SUPPLIED ENTRIES:

_ _ _ _ _ _ _

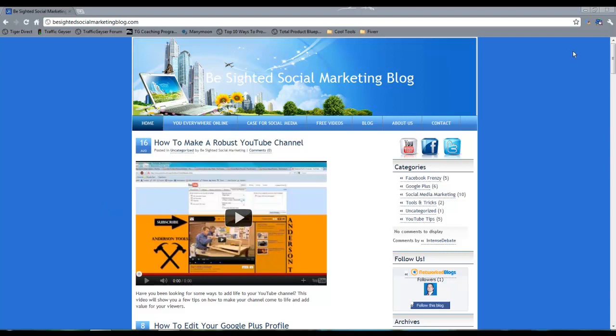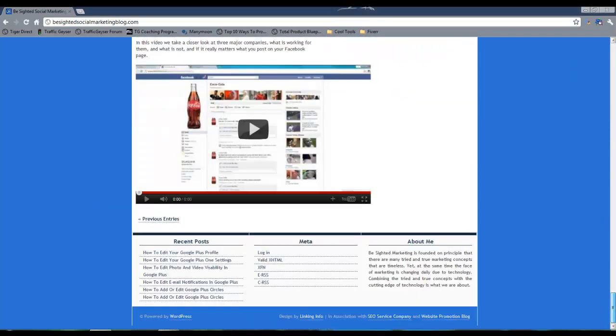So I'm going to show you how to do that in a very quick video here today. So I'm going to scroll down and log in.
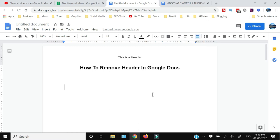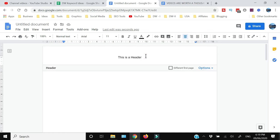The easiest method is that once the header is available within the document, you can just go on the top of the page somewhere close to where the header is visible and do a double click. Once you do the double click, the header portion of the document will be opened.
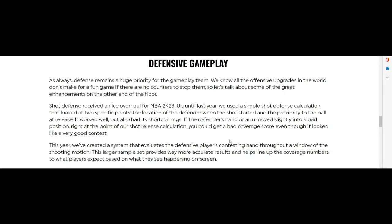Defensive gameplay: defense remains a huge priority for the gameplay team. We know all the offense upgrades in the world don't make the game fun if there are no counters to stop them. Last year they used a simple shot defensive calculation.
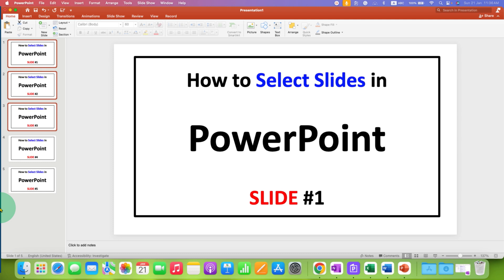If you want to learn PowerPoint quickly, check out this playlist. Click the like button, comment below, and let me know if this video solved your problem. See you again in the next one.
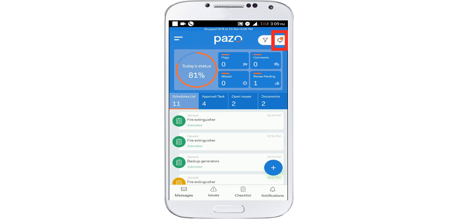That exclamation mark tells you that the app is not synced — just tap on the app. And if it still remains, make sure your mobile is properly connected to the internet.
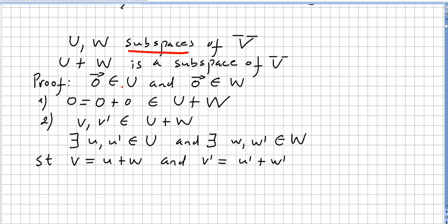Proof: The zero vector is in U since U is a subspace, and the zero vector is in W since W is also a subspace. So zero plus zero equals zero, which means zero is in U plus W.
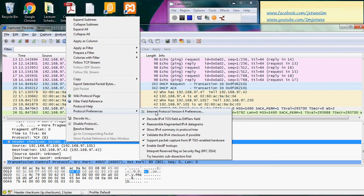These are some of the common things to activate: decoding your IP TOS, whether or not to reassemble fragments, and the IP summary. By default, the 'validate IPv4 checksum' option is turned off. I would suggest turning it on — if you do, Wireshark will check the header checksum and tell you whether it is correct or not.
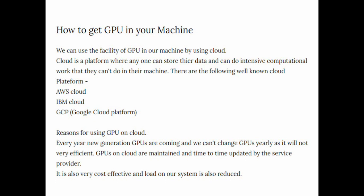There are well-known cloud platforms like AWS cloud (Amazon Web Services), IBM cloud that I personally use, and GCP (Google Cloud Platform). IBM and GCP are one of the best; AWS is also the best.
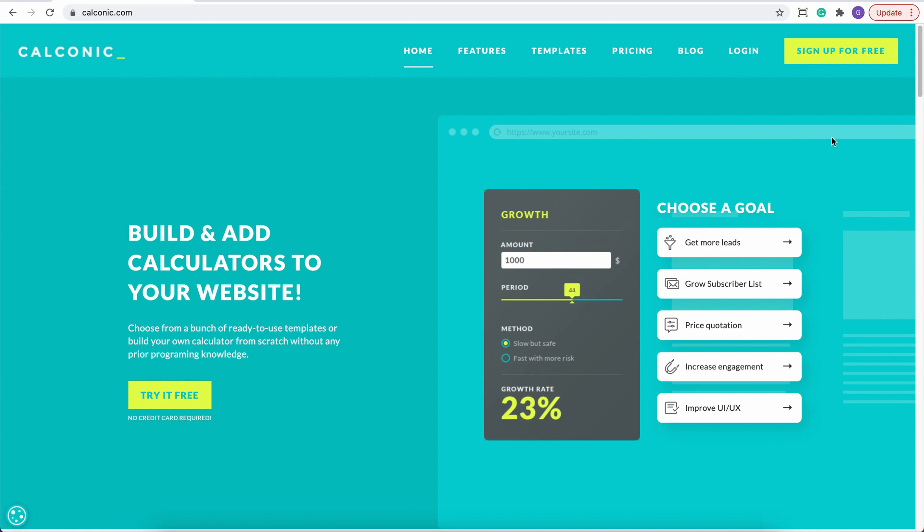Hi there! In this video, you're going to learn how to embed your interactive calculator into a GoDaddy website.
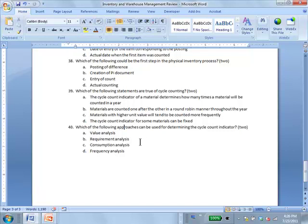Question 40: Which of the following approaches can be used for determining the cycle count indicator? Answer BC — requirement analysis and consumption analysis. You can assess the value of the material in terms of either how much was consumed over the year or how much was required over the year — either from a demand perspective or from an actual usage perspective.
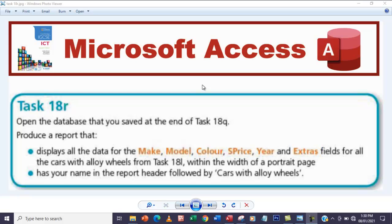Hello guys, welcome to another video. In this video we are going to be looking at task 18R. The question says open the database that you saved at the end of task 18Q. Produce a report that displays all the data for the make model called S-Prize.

_ _ _ _ _ _ _

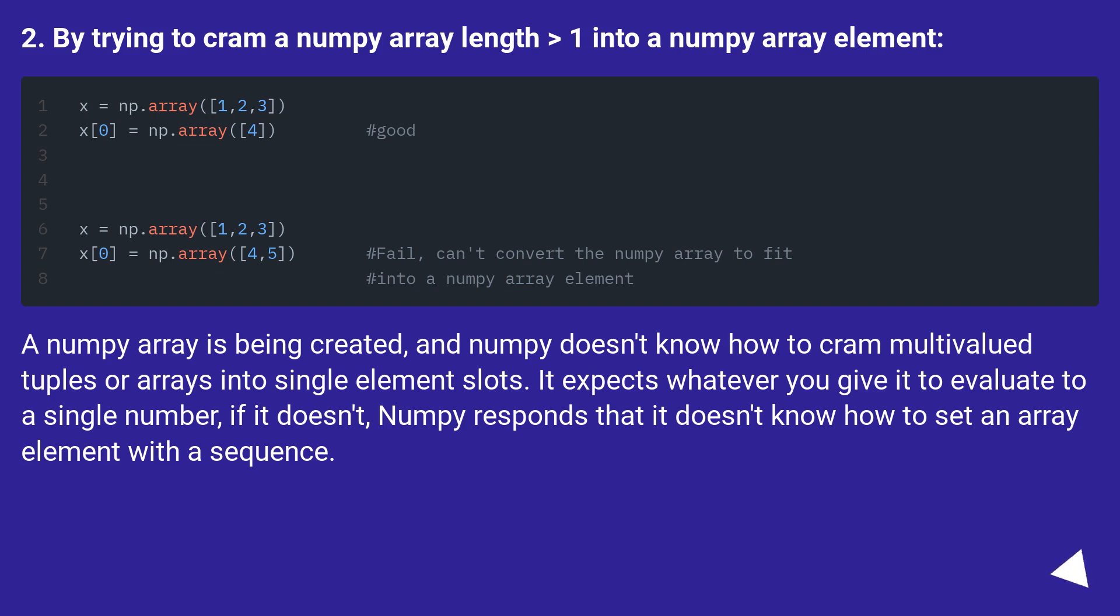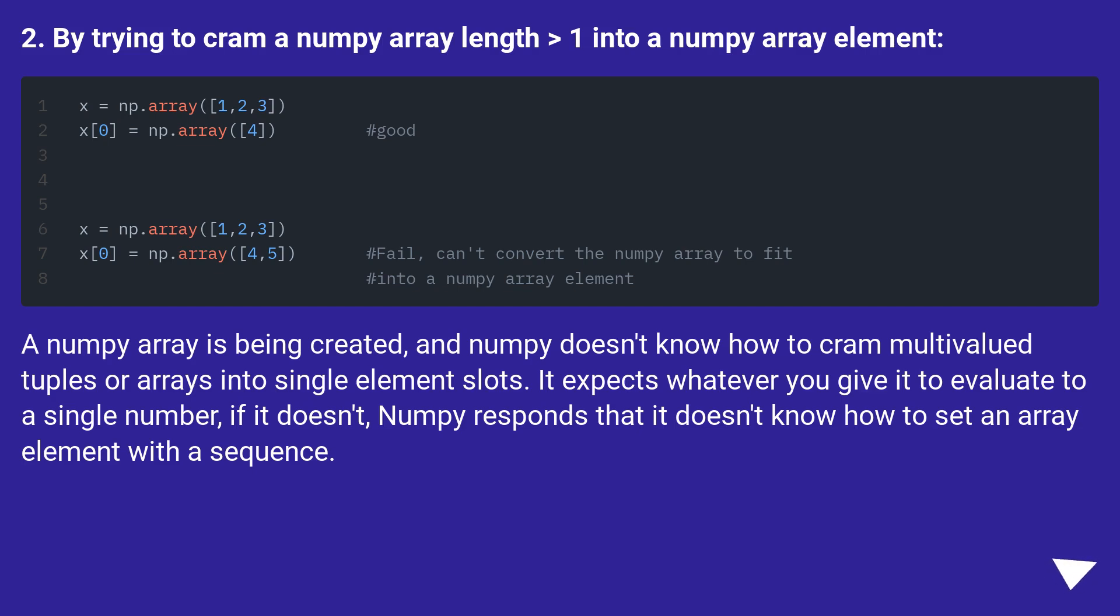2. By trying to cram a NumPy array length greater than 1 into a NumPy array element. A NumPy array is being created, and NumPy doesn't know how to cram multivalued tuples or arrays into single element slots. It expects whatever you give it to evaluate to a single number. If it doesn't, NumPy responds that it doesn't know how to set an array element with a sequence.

_ _ _ _ _ _ _

ASSIGNMENT: Reproduce exactly, with no pictures, the lines above from the one holding "So I'm going to show" to the one holding "That exclamation mark", inclusive.

COMPLETED EXERCISE:
So I'm going to show you how to do that in a very quick video here today. So I'm going to scroll down and log in.
The easiest method is that once the header is available within the document, you can just go on the top of the page somewhere close to where the header is visible and do a double click. Once you do the double click, the header portion of the document will be opened.
Defensive gameplay: defense remains a huge priority for the gameplay team. We know all the offense upgrades in the world don't make the game fun if there are no counters to stop them. Last year they used a simple shot defensive calculation.
If you want to learn PowerPoint quickly, check out this playlist. Click the like button, comment below, and let me know if this video solved your problem. See you again in the next one.
That exclamation mark tells you that the app is not synced — just tap on the app. And if it still remains, make sure your mobile is properly connected to the internet.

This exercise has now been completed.